The true catalyst traces back to the pending $8 billion merger between Paramount and Skydance Media. The deal had been paralyzed for months by regulatory gridlock, heavily strained by a Trump administration lawsuit against CBS over a 60 Minutes interview with Kamala Harris. When Paramount reportedly settled a separate dispute with Donald Trump for $16 million, Colbert used his massive platform to call it what it looked like: a “big fat bribe” to grease the wheels for federal merger approval.
Days later, Colbert was out. Hours after that, Trump took to Truth Social to gloat, calling Colbert’s firing the “Beginning of the End for untalented, nasty, highly overpaid… Hosts.”
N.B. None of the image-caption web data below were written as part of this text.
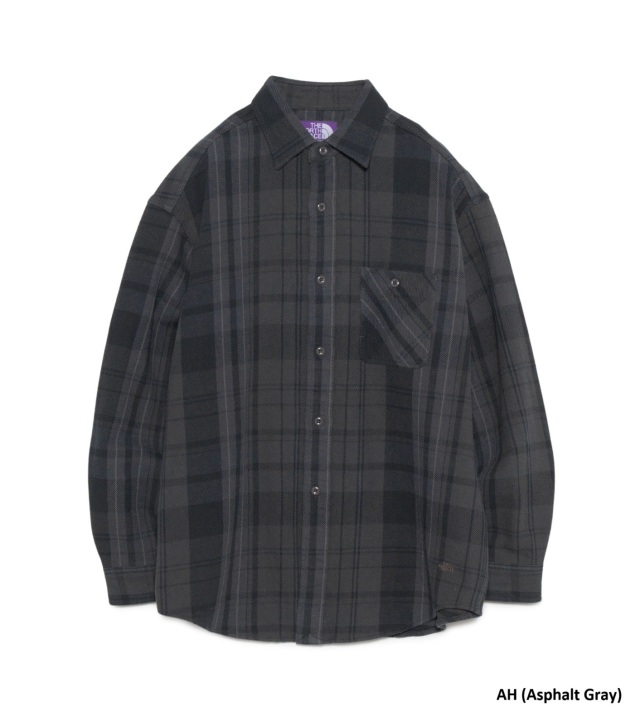 N25FG097 THE NORTH FACE PURPLE LABEL Flannel Plaid Field Shirt ザ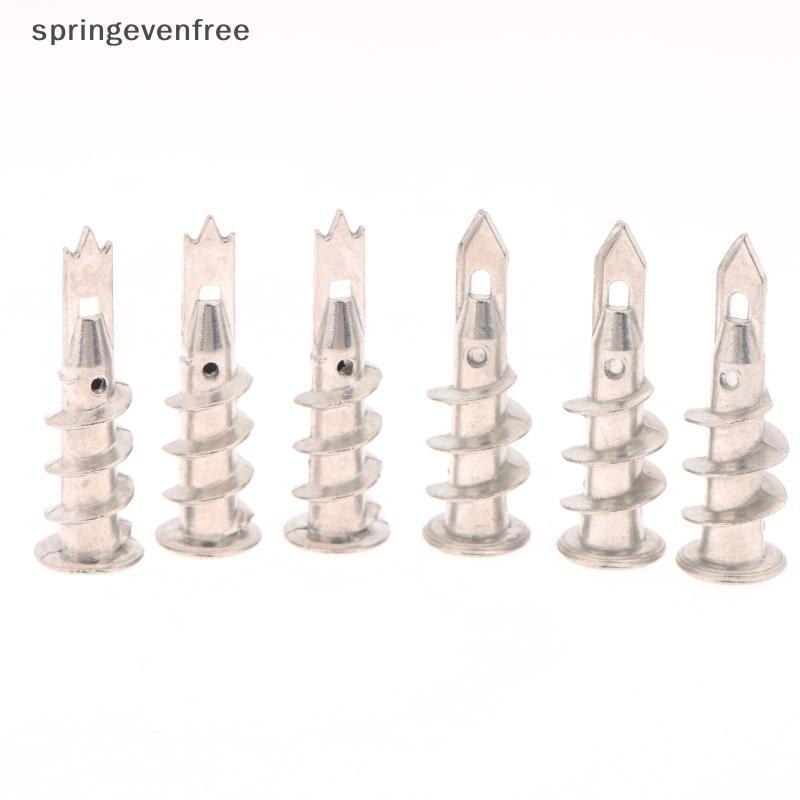 Springevenfree 10 ชิ้นสังกะสีโลหะผสมเหล็ก Self-Drill Anchor 13*41 มิลลิเมตร Plasterboard Drywall Anc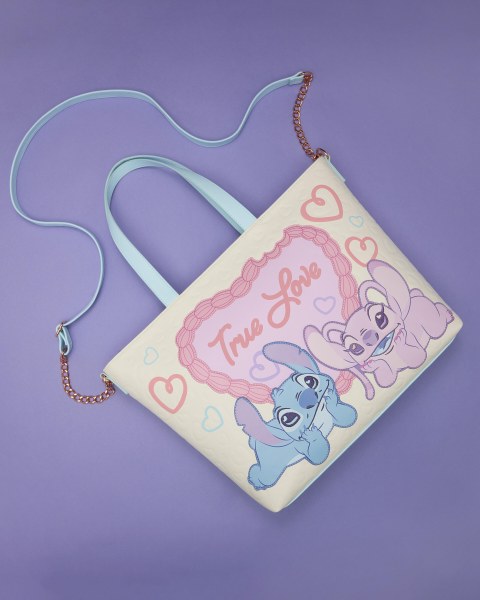 STITCH & ANGEL TRUE LOVE SHOPPER - DISNEY LOUNGEFLY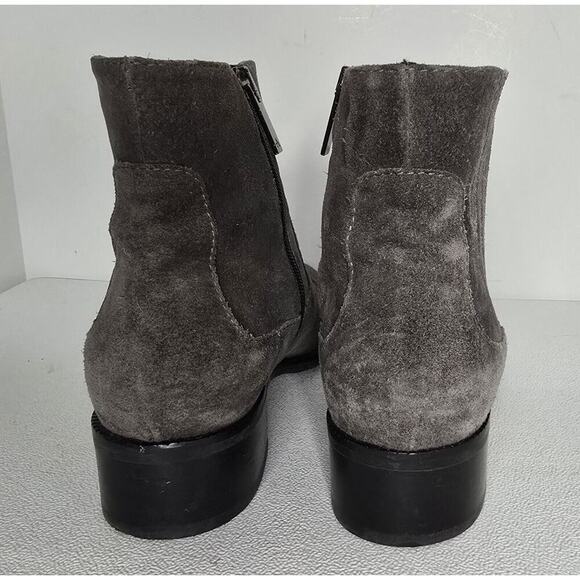 Aquatalia Oribella Suede Ankle Boots Sz 9 Waterproof Booties Grey Western - Picture 7 of 11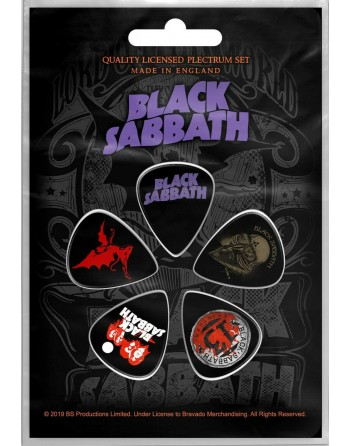 Black Sabbath Plectrum Purple Logo 5-pack 1.00 mm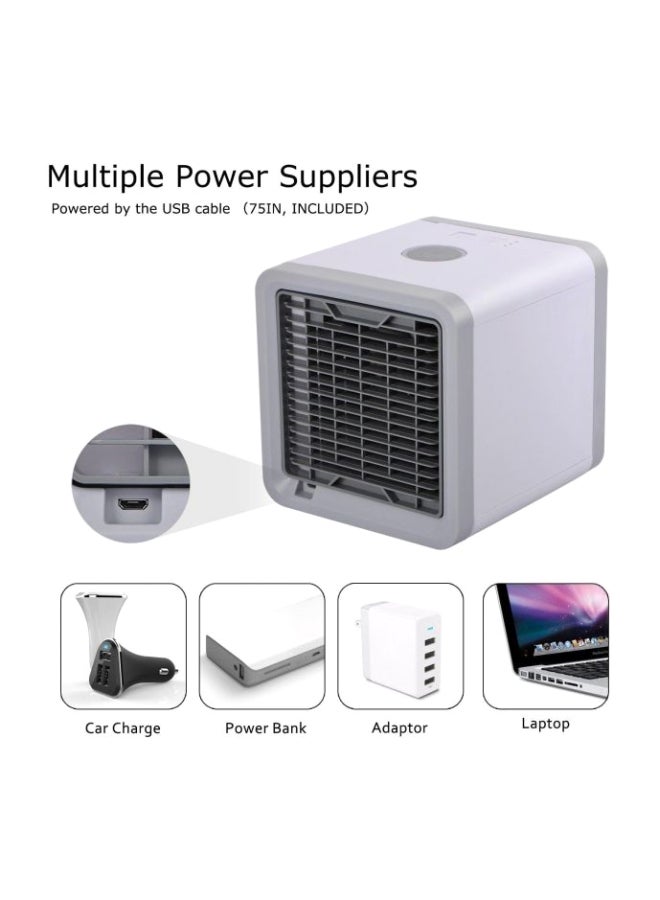Generic - Portable Air Conditioner With Humidifier And Air Purifier White/Grey - Image 1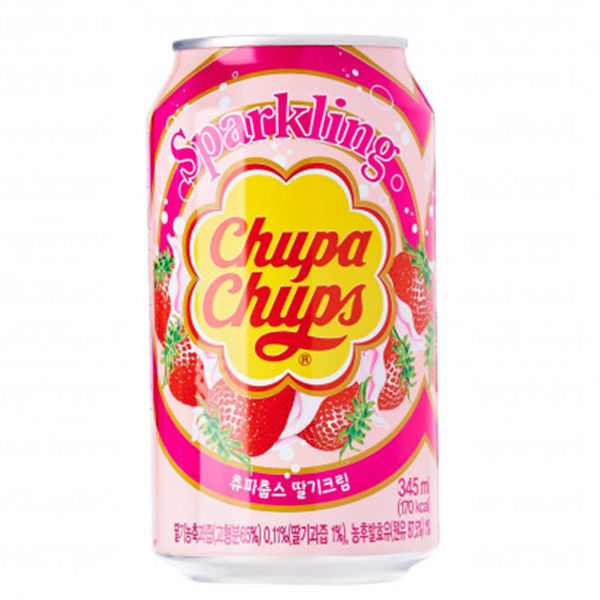 Refresco Chupa Chups Sparkling Fresa y Nata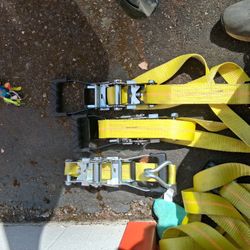 Three ratcheting Tie downs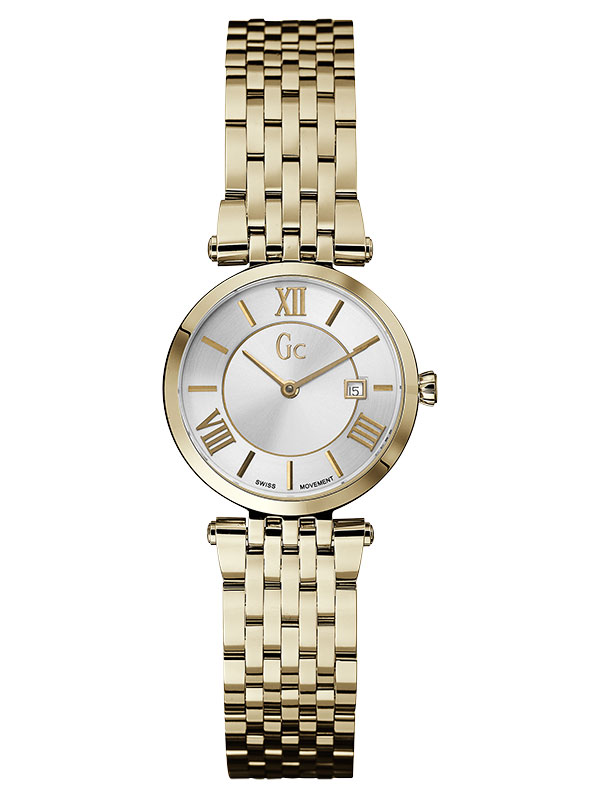 Женские часы GC X57002L1S классические, металлик и гарантией 24 месяца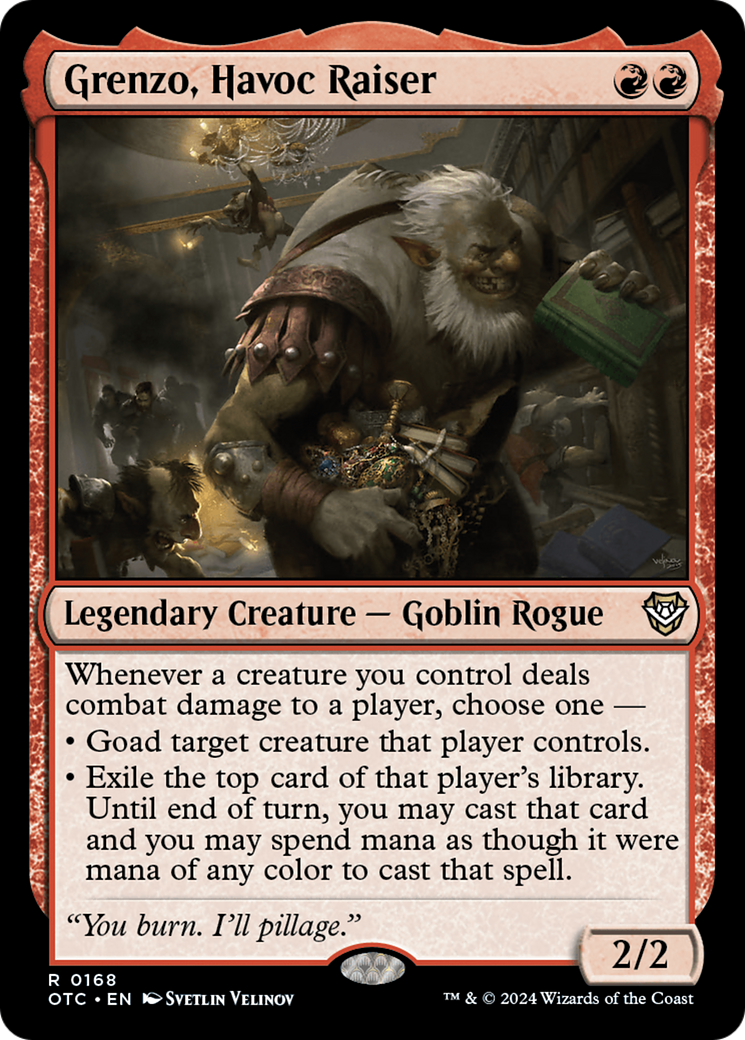Grenzo, Havoc Raiser [Outlaws of Thunder Junction Commander] | Gamer Loot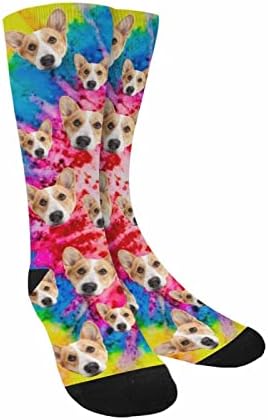 Custom Face Socks, Personalized Dog Lover Pet Photo Picture on Socks Unisex - Image 3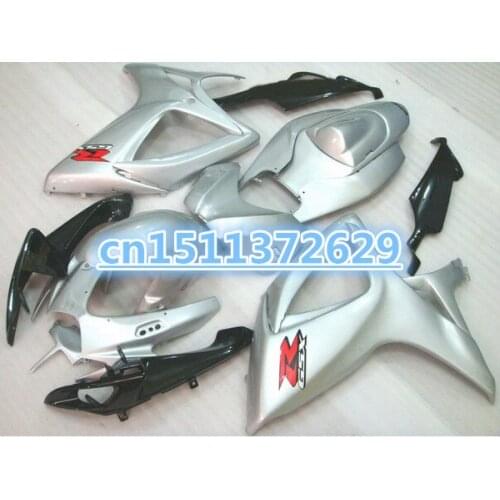 ABS high-silver 100% fairing kit for 2006 2007 GSXR 600 750 K6 GSXR600 GSXR750 06 07 bodywork fairings kit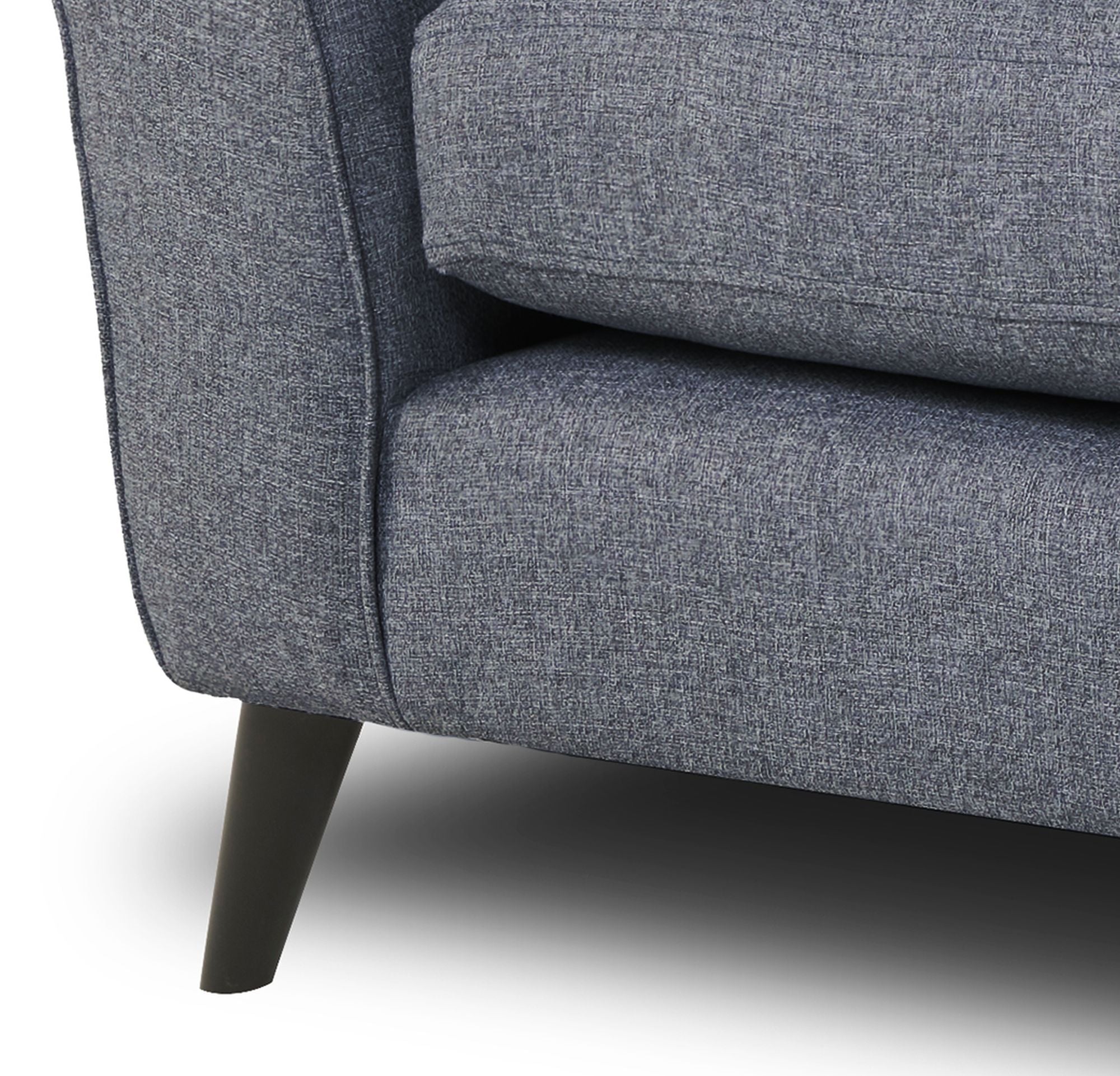 Image of black leg on the Libby sofa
The bitter truth exposed by the Only in Monroe saga is that in the modern era of mega-corporate consolidation, truth-tellers—no matter how powerful or highly rated—are ultimately just expendable political pawns. When multi-billion-dollar corporate mergers require the blessing of vengeful political regimes, dissenting voices are the first assets to be liquidated. Colbert wasn’t let go because of ratings; he was purged as a peace offering to Washington.
The Corporate Panic
The corporate anxiety surrounding this narrative became painfully obvious over the weekend. Terrified of the optics, Paramount immediately began weaponizing copyright law, sending out aggressive DMCA takedown notices to suppress unauthorized clips of the Only in Monroe episode circulating on social media.
However, the internet refused to be silenced. Following a massive public backlash and accusations of blatant political censorship, CBS backed down, lamely claiming the episode was “financed and produced by CBS studios” and adjusting its distribution rules.
Colbert’s late-night throne may be gone, but by trading the historic Ed Sullivan Theater for a dingy Michigan basement, he proved an undeniable truth: you can take the man off the network, but you can’t censor the defiance.